Unprecedented Scale and Mitigation
The DDoS attack set a new benchmark in packet rate, with a relatively low bitrate of 849 Gbps. Despite the overwhelming scale, GSL’s in-house DDoS management platform, Creatia, seamlessly auto-mitigated the attack in conjunction with their Goliath mitigation system, which spans 33 global points of presence. This strategic deployment proved effective in managing the onslaught.

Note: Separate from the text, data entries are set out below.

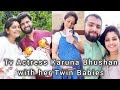 Tv Actress Karuna Bhushan With Her Twin Babies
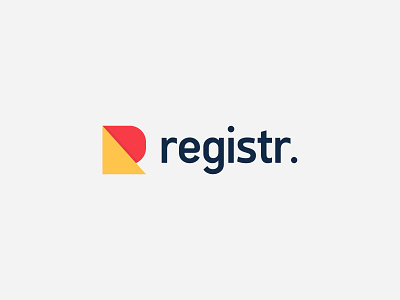 Registr. branding branding identity covid covid19 design icon logo registr symbol typography vector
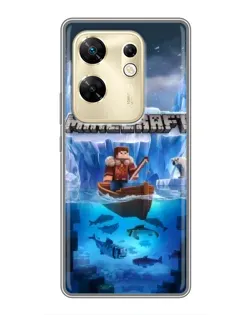 Чохол для Infinix Zero 30 з картинкою «Minecraft льодянийсвіт»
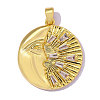 Brass Micro Pave Clear Cubic Zirconia Pendants CU-OY001-91G-1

Reports from GSL confirm that the attack was rigorously verified with tier-one providers and internet exchange operators, ensuring that the reported packet rate was consistent with device telemetry. This incident eclipsed previous records by a factor of 3.2 to 3.5 times, solidifying its status as the largest DDoS attack publicly recorded.
The Attack’s Evolution
This assault was not an isolated incident; it was preceded by a smaller-scale attack that occurred just a day earlier, targeting a single prefix of the victim. This initial strike peaked at 1.7 Gpps and lasted a mere 20 seconds, but thanks to pre-emptive security measures on Creatia, it did not disrupt the user experience.
The initial attack likely served as reconnaissance, allowing the attackers to identify vulnerabilities before launching their more extensive campaign. The subsequent assault employed a “carpet bomb” strategy, targeting all advertised prefixes of the victim network in a relentless series of attacks, ultimately revealing the full capacity of the botnet at its peak of 3.15 Gpps.
Geographic and Technical Analysis
The origins of the attack were traced to several key regions, with the packet-heavy botnet primarily emerging from Russia, Vietnam, and Korea. In contrast, the volumetric-heavy botnet saw significant traffic from Russia, Ukraine, and Brazil, indicating the involvement of two distinct botnets with varying characteristics.
On the technical front, Korea Telecom was identified as a major contributor to the packet rate volume. Investigations revealed that MAX-G866ac devices, which were vulnerable to CVE-2023-2231, played a significant role in the attack. This vulnerability allows for authentication manipulation, leading to potential remote code execution, underscoring the critical need for timely patching and securing of network devices.
The Role of GSL’s Mitigation Strategies
GSL’s mitigation strategies were put to the ultimate test during this unprecedented DDoS attack. Their layered approach, combining Creatia's automated response capabilities with the extensive reach of the Goliath mitigation system, proved to be a robust defense against the evolving threat landscape. This incident not only highlights the importance of advanced cybersecurity measures but also sets a new standard for what is possible in DDoS mitigation.